Another defendant, 48-year-old Indika Kumara Wijesinghe, worked at a state-owned Samurdhi Bank.

Relatives said millions of rupees would be needed to file the appeal and hire lawyers. Already mired in debt, they are desperate.

They described the psychological impact of the case on the families of those convicted. Children have been subjected to ridicule at school, while wives and parents face social isolation within their communities. Many families now depend on irregular labour, loans or assistance from relatives overseas to survive.

While severe punishments have been imposed on ordinary people caught up in the turmoil of 2022, many ministers, MPs and other political organisers connected to the attacks on anti-government demonstrators have been exonerated. According to some reports, they have also obtained insurance payouts involving huge sums disproportionate to any damage caused.

This double standard exposes the class character of the capitalist state and its legal system.
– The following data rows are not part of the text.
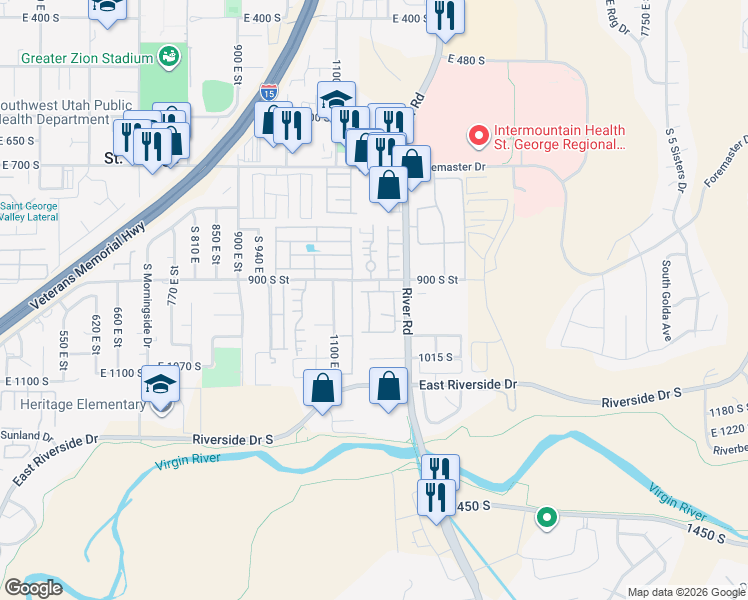 map of restaurants, bars, coffee shops, grocery stores, and more near 1186 East 900 South in St. George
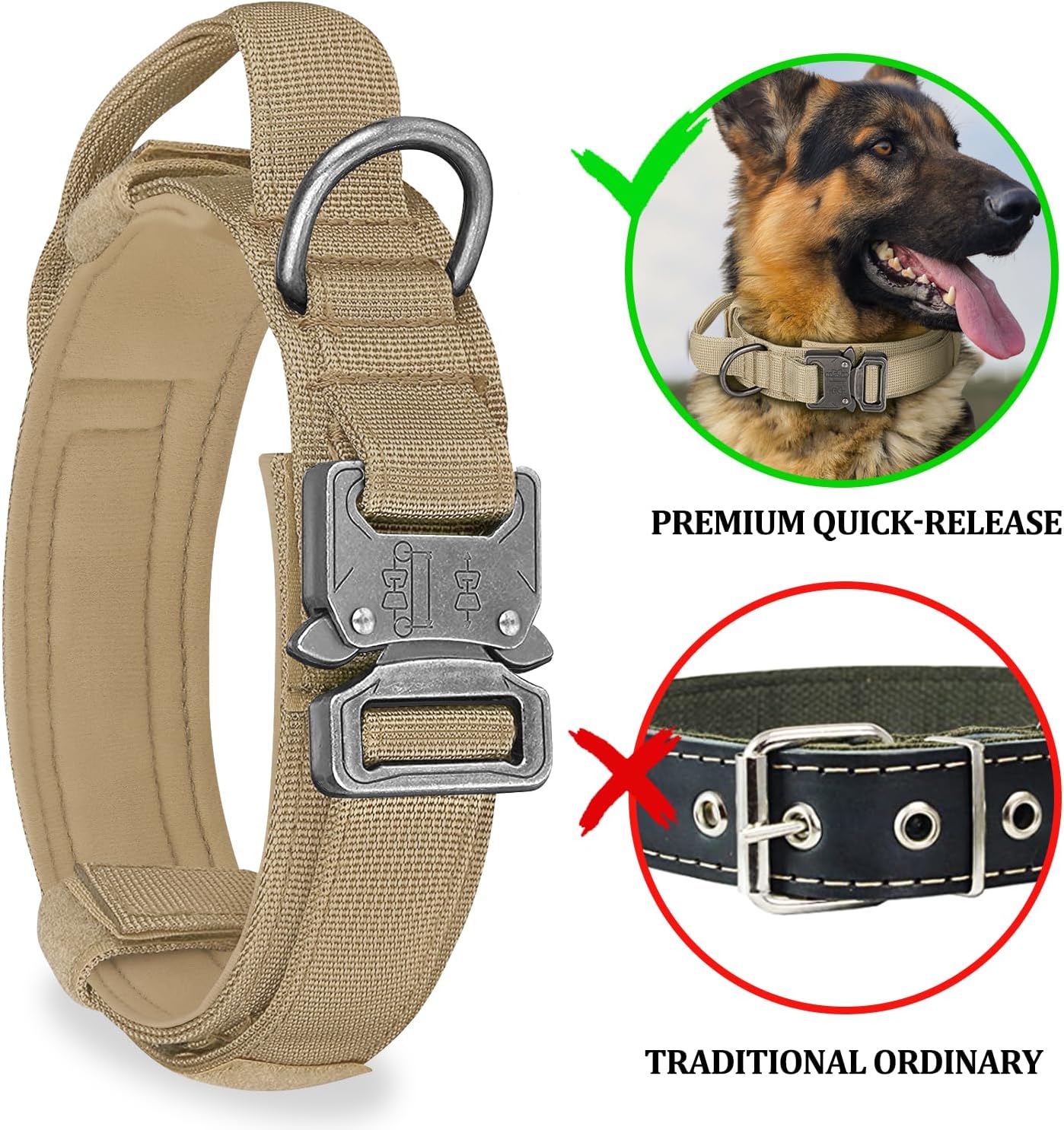 COOYOO Dog Collar,3 Piece Set Tactical Dog Collars, Adjustable Military Training Nylon Dog Collar with Control Handle and Heavy Metal Buckle for Medium and Large Dogs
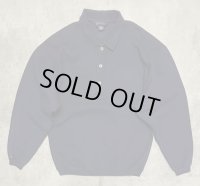 90'S LANDS' END 三角タグ 襟付き スウェットシャツ ネイビー USA製 (VINTAGE)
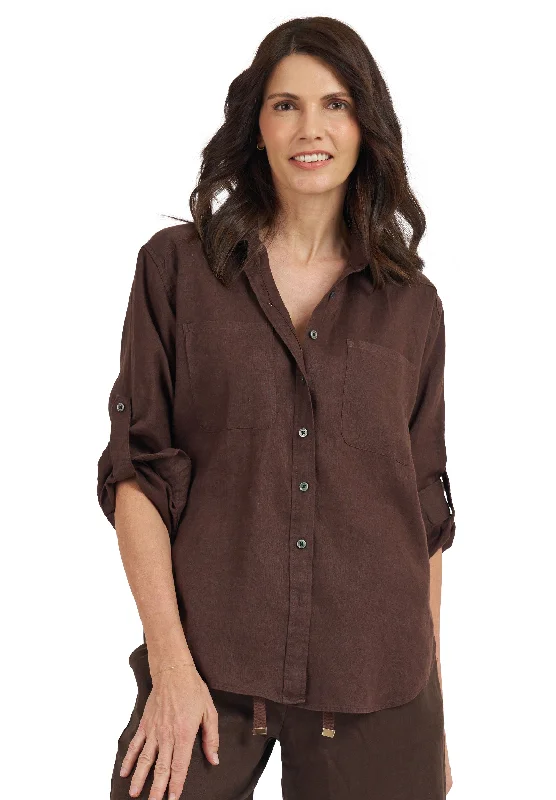 Luna Coffee Oversized Linen Shirt with Pockets Stylish Short Sleeve Polo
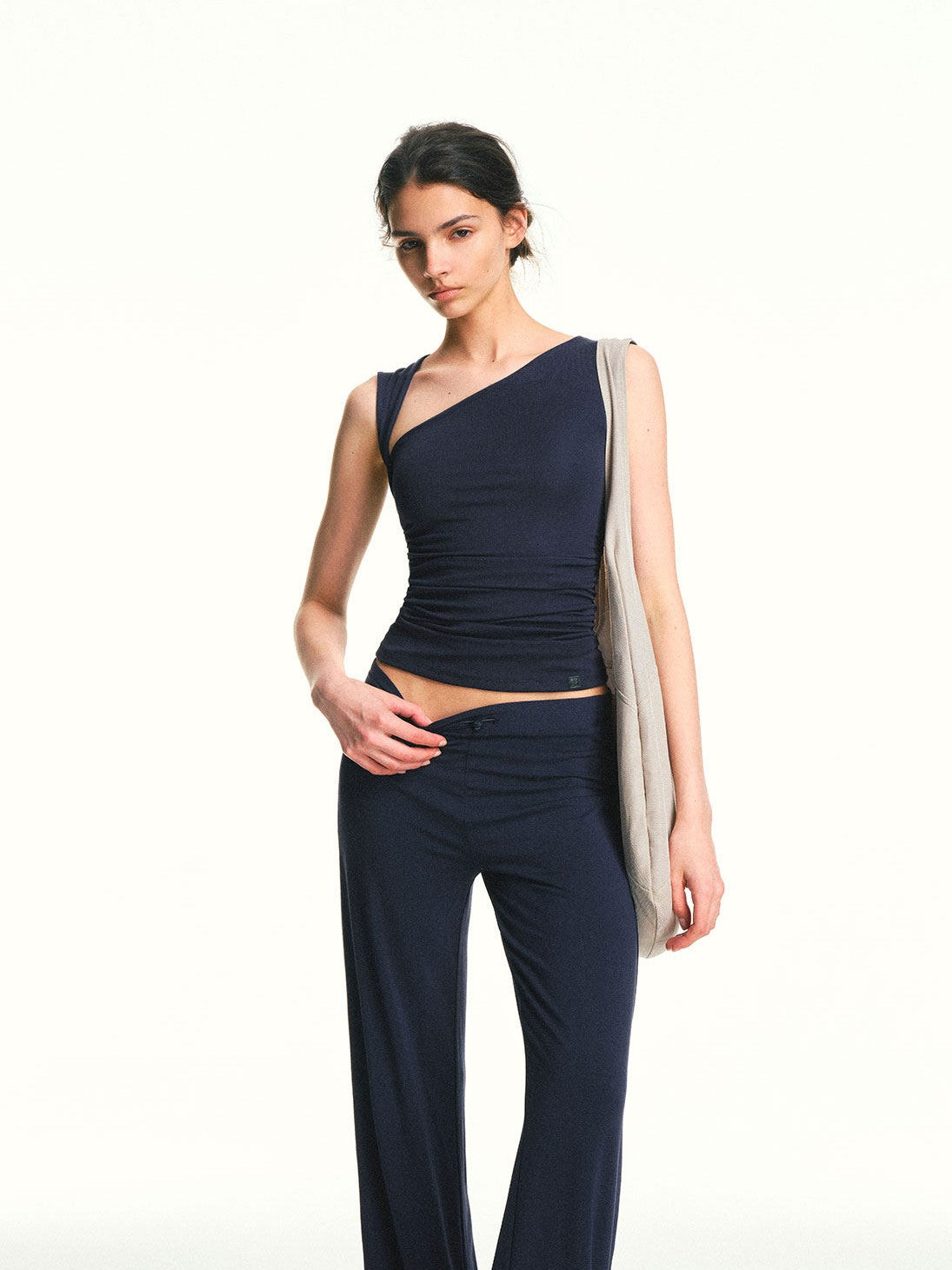 kvkv Navy Blue One Shoulder Square Neck Ruched Slim Women&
The Janatha Vimukthi Peramuna/National People’s Power (JVP/NPP) government falsely claims that it represents the aspirations behind the 2022 mass uprising, but it has refused to intervene against the court. On February 23, relatives of the 12 convicted men went to the Presidential Secretariat and handed over a letter “explaining the injustice we have been subjected to.” They have received no reply.
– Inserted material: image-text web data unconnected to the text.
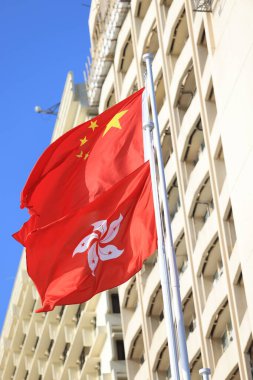 Çin ve Hong Kong bayrağı, ofis geçmişi ile birlikte Çin Halk Cumhuriyeti Ulusal Günü 'nü kutlamak için kuruldu.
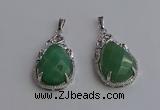 NGP6616 22*30mm faceted teardrop green aventurine gemstone pendants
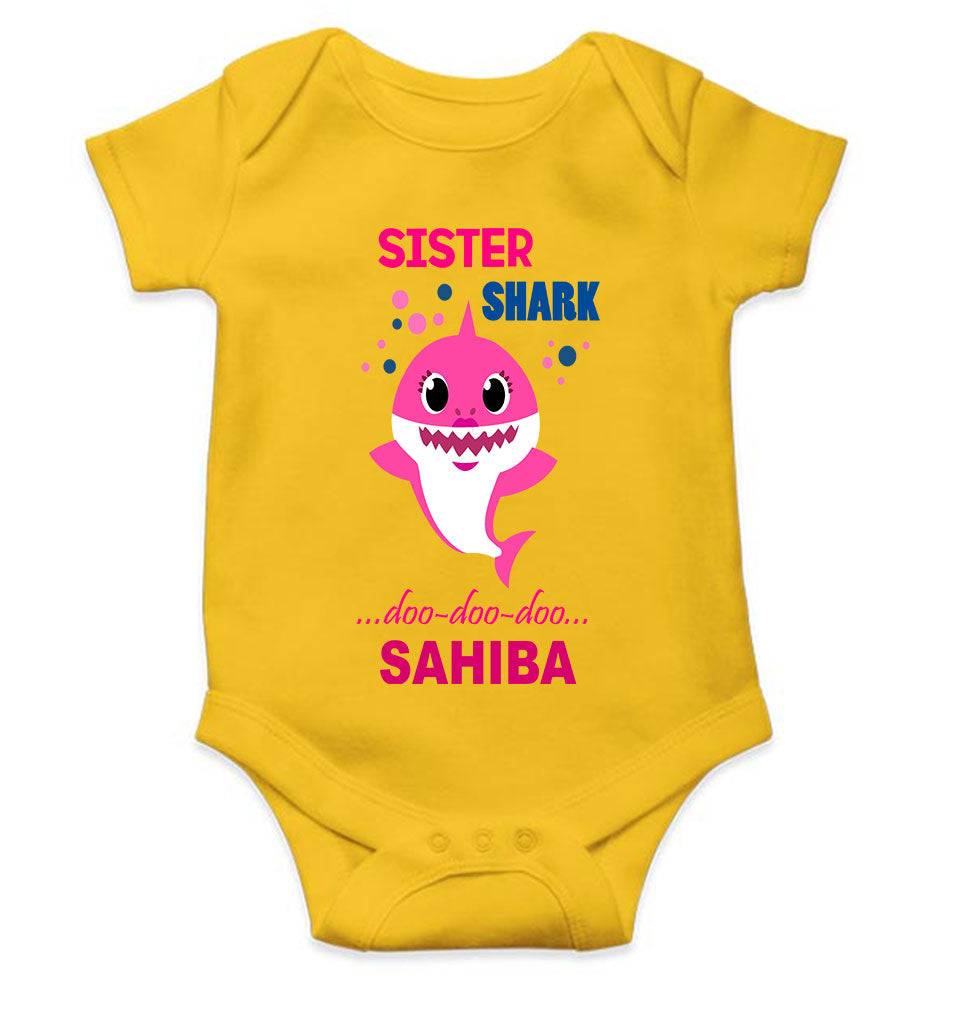 Custom Name Sister Shark Doo Doo Doo Rakhi Rompers for Baby Girl- FunkyTeesClub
The mother of one of the accused said her son had left home on May 9 merely to observe the tense situation developing in the town. “He was not a criminal,” she said. “We are poor people. We have no power, no money and no influence. We are only asking for justice.”
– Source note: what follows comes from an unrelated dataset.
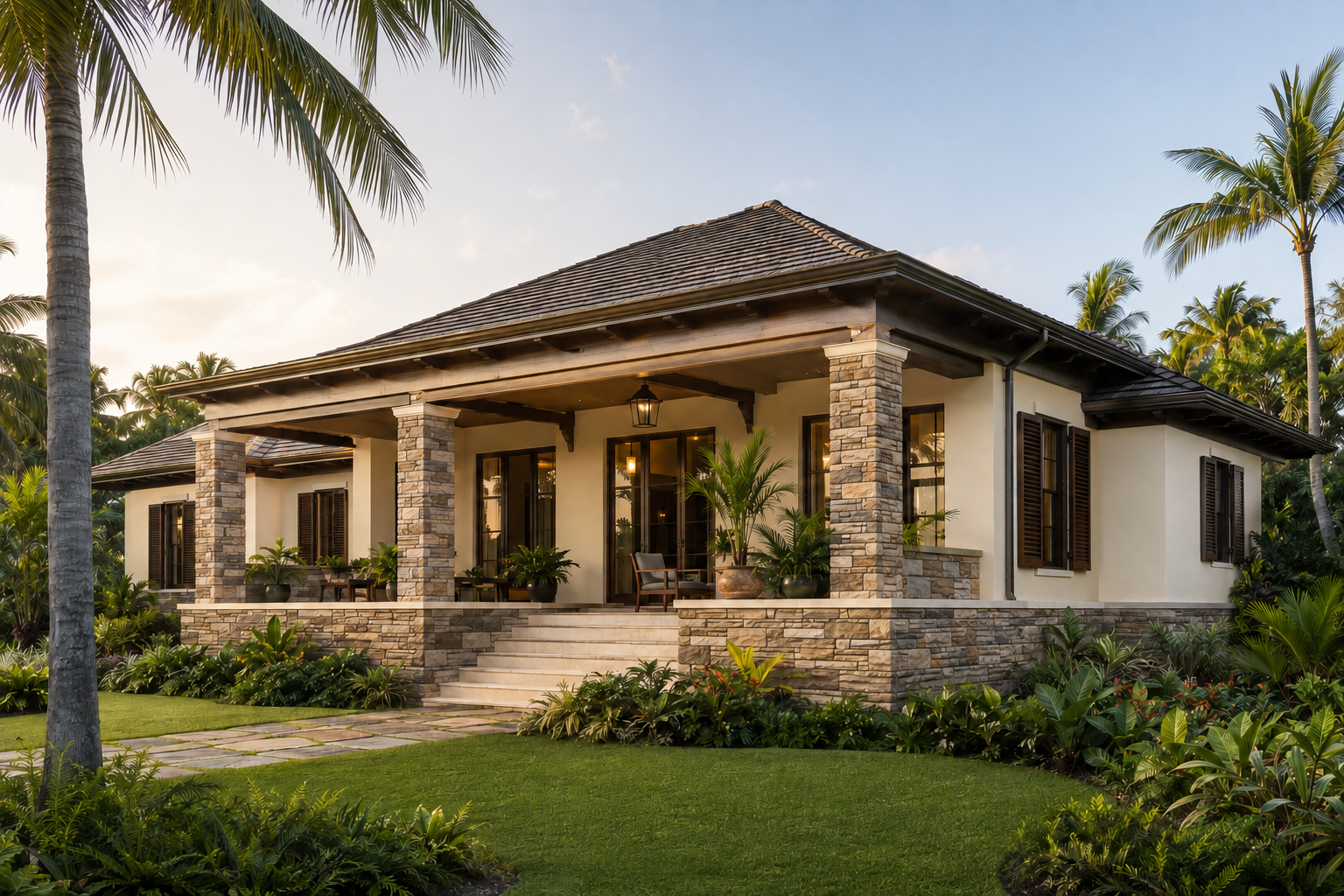 Earth-tone veranda concept featuring Rustic Stone · Earth Blend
Another relative described the despair felt by families waiting for the appeal process to move forward. “Every day we live in fear,” she said. “We do not know what will happen to them. We only know that our lives have been destroyed.”

The court verdict and sentence have serious implications for the entire working class and the country’s oppressed people. The 12 people found guilty are victims of a ruling class that lives in fear of the mounting opposition from the masses and wants to set an example to intimidate working people.

For decades, Sri Lanka has maintained a moratorium on the death penalty, although courts continue to hand down death sentences. Human rights organisations have repeatedly criticised the practice, pointing to the dangers of wrongful convictions, political interference and unequal access to legal defence.

All the capitalist parties—the government and the opposition—have remained silent on the fate of the 12 men and their families. None has raised any concerns over the fairness of the trial, the divided verdict or the reliance on circumstantial evidence in imposing death sentences.

The bourgeois media, meanwhile, has largely portrayed the Nittambuwa incident as an isolated criminal act detached from the broader upheavals of 2022. Television channels and newspapers repeatedly highlighted the deaths of the MP and his bodyguard while paying little attention to the social desperation and political anger that fuelled the nationwide protests.

The Socialist Equality Party (SEP) categorically opposes the 12 convictions and the death sentences. Capital punishment is a barbaric instrument historically used to intimidate and suppress the oppressed.

The SEP calls on workers, students, youth and everyone who defends democratic rights, in Sri Lanka and internationally, to demand the dropping of all charges over the killing of the SLPP MP and the release of the 12 wrongfully convicted men. The real criminals on May 9, 2022—those who organised violent attacks on unarmed protesters—are the ones who must be prosecuted.